Ce Français de 31 ans, qui a été interpellé dimanche à son arrivée à Fès (nord du Maroc), avait pris place dans un avion de la compagnie Ryanair. Ancien militaire converti à l'islam, il avait été arrêté en novembre dernier à Angers à la suite des attentats de Paris puis assigné à résidence durant trois mois. Il n'était plus assigné à résidence lorsqu'il s'est présenté à l'embarquement pour le Maroc à l'aéroport de Nantes-Atlantique et rien ne lui interdisait de quitter le territoire, a indiqué mercredi la préfecture de Loire-Atlantique, confirmant les informations de Presse-Océan.

"Rien de suspect"

"Dans le cadre de la coopération entre la France et le Maroc", l'individu avait été signalé aux autorités marocaines "et sa prise en charge (à l'aéroport de Fès) n'est pas complètement un hasard", a fait valoir la préfecture. D'après elle, sa valise en cabine a été contrôlée lors de l'embarquement et ne contenait rien de suspect. Son bagage en soute a quant à lui été contrôlé par les détecteurs électroniques qui n'ont pas non plus réagi, faute de présence d'explosifs. 

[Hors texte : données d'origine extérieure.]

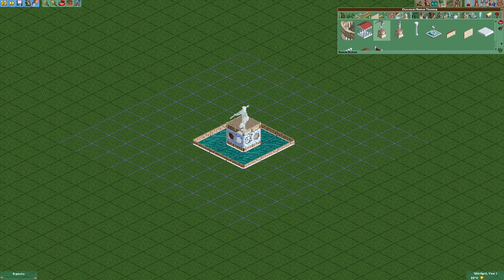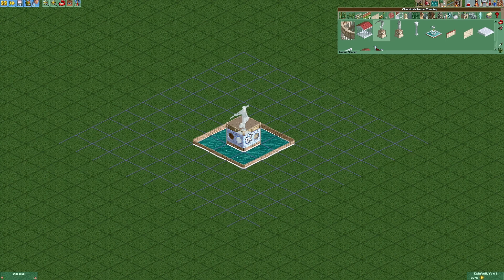Now we're gonna put a roman statue on top. To complete the fountain we're gonna add some water jets coming out of the holes right here.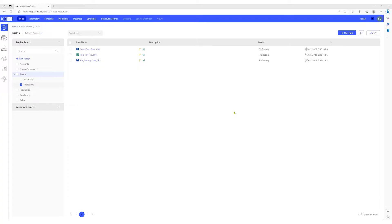In today's video, we'll focus on validating data in our incoming source file, ensuring that it adheres to a standard predefined pattern.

La bonbonne de gaz, de type réchaud de camping, est un combustible, pas un explosif, souligne encore la préfecture, qui assure que "toutes les procédures de sécurité ont été respectées" à l'aéroport de Nantes. Selon des sources proches de l'enquête, l'homme avait emménagé au Maroc avec sa femme à l'été dernier. Il était revenu en France pour vendre son appartement.